Like alot of people, I assume, we have put on a few pounds during the last year or so. A big part of it was we figured since we can't go out, lets learn to cook those items at home.
And so you watch youtube and dick around on recipe sites and learn to make all sorts of different things.
So, how do you look at that now, now that we are coming out of this pandemic and go back out to places and ride your bike or go to the park and not be worried as much?
Well, you can look at it as "I was a lazy and gained weight" or, "well, I tried real hard to be a better cook and turns out I kick ass because I ate all my food!!!"
We need to focus on our own positives and not our negatievs by default.
Not that we ignore them, lets not be silly, but, by our own default logic we should appreciate our gifts, our place in life our abilities to do what can and not conflate them with what we can't/don't/won't/haven't.
Back in day we crashed out hard on a slalom course (in front of pretty girls too, dang it) when we were feeling frisky enough to get into some short lines and put up some numbers.
All these years later, thats still something that burns, but, we were able to crash out in front of some pretty girls while feeling frisky enough to get into some short lines and ski great.
Thats pretty fucking awesome...and that is something we would like to feel again.
We don't get there, to that feeling to that mental space, by weighting ourselves down with the could of would of should of, we get there by lifting ourselves up with the, "right, but, how many people can actually DO what you did and besides all that, maybe they are in awe of what you did"
Again, never assume...we should never assume...that the other persons life is perfect, that their relationship is what you see at that nice dinner...they probably had an argument in the car on the way there about the cable bill or the lawn mowing or whatever.
Defining our success via a prism of light from other peoples lifes will only further your frustration into your own because you/we don't know that other person and the trials they go through, the battles they fight on their own.
Negativity is easy, its cheap and it can derail
positivity is hard in the face of all that gets thrown at us.
and this is certainly not some bullshit inspirational quote where you...
You are comparing yourself to someone else and somehow its not a zero sum game, you can just "outwork" them, as if they aren't doing the same.
Appreciate what we have, what we have been able to do.

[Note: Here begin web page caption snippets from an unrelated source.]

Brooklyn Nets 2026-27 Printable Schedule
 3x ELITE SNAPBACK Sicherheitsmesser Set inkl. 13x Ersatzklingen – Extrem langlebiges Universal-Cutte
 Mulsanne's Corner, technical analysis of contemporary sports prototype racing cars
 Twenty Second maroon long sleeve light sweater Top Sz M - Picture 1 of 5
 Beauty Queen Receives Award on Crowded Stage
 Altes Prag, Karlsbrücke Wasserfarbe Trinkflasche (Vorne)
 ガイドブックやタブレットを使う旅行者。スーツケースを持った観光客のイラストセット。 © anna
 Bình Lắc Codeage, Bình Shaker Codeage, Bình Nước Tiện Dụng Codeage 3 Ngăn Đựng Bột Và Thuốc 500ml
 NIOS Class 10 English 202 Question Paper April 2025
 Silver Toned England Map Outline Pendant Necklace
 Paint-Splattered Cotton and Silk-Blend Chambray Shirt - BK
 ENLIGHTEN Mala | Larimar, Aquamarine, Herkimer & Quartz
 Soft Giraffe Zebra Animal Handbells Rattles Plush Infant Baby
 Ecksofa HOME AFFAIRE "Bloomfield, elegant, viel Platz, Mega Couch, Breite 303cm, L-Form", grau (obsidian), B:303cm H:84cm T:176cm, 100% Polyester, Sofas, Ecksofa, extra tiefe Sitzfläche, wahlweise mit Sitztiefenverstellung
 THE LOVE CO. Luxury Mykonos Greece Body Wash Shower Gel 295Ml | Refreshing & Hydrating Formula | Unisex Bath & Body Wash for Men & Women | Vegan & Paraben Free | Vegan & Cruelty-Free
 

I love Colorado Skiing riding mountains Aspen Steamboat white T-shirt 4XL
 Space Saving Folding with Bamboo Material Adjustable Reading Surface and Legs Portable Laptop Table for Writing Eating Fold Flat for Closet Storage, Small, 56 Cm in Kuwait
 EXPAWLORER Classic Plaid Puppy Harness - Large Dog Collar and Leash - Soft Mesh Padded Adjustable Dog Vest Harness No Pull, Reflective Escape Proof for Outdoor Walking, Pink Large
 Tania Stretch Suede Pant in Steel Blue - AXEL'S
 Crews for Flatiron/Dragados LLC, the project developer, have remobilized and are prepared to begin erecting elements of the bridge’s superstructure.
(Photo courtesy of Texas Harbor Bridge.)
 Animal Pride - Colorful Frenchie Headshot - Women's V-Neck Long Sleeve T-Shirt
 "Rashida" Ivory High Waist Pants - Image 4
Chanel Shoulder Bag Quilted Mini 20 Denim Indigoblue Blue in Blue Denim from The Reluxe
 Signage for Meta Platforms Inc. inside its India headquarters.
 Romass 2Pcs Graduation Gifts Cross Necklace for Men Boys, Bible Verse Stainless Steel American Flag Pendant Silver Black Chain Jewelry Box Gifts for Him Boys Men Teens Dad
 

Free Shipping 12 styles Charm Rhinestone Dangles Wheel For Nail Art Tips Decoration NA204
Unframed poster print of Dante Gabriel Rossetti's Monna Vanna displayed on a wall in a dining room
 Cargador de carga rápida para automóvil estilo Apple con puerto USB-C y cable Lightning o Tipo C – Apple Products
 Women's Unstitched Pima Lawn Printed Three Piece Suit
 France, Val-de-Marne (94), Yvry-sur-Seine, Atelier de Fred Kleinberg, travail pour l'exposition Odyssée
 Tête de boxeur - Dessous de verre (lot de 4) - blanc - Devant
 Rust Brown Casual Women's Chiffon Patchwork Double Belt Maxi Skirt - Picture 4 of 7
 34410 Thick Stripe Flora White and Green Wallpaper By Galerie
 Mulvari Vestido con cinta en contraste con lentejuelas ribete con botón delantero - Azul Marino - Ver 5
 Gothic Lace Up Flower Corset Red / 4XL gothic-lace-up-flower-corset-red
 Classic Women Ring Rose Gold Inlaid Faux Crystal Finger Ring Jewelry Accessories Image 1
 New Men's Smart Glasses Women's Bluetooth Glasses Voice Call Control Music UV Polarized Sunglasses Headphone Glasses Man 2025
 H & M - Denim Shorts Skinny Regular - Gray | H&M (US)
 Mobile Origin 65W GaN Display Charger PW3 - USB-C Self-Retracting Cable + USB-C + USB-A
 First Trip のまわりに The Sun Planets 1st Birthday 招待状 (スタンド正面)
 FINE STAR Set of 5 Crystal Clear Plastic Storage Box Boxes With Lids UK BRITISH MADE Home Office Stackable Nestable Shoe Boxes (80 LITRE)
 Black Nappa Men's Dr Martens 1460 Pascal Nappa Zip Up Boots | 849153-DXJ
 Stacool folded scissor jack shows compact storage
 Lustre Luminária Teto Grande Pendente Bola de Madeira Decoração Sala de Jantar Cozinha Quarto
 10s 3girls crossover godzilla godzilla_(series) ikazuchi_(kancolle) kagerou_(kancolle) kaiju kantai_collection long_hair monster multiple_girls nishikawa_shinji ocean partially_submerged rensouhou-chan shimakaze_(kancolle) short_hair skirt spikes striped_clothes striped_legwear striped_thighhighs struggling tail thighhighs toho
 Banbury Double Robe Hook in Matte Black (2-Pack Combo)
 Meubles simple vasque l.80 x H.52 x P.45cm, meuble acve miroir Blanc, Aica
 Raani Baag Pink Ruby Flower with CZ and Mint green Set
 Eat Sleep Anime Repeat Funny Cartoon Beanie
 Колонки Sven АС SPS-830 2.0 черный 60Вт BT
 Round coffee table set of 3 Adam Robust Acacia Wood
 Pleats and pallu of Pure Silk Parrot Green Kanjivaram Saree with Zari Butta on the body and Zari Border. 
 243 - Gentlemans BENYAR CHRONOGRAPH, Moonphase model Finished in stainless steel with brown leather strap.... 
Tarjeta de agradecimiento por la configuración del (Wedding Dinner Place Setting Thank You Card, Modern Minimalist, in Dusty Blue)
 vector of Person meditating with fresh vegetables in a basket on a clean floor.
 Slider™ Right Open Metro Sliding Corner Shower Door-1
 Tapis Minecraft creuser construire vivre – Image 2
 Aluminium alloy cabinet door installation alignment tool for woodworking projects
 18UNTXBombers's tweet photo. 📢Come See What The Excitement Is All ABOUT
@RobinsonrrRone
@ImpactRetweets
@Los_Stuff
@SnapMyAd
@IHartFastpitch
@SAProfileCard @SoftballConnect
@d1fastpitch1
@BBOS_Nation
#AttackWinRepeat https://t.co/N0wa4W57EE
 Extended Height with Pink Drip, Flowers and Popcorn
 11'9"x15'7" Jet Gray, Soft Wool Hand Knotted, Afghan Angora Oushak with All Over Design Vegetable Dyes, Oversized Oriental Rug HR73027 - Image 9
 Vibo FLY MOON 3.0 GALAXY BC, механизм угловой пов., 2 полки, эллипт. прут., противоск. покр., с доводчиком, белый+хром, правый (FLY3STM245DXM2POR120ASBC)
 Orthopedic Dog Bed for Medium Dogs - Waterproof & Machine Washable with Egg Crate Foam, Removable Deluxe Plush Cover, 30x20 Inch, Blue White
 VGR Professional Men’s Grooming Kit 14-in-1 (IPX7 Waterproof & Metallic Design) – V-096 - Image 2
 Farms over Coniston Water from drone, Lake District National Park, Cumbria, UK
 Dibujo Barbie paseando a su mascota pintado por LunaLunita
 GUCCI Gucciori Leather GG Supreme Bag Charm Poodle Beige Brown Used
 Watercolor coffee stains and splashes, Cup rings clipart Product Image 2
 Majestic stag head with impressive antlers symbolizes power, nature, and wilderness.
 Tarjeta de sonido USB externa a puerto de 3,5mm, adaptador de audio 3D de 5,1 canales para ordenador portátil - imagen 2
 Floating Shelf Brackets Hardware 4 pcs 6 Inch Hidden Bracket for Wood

See the positives in life, in your own life, as the true beacons of what should inspire.
Not a bullshit quote about work or limits or "never be afraid to fail"
Thats ok! That means we have a brain and a soul and a life.
But allow life to work in equilibrium.
We can always strive to be better and use that fear as a motivator, as an energy source for the furnance of internal power.
But, that can't supersede the ability to appreciate what we have, how we got it and let that mirror off the dark and illuminate the light.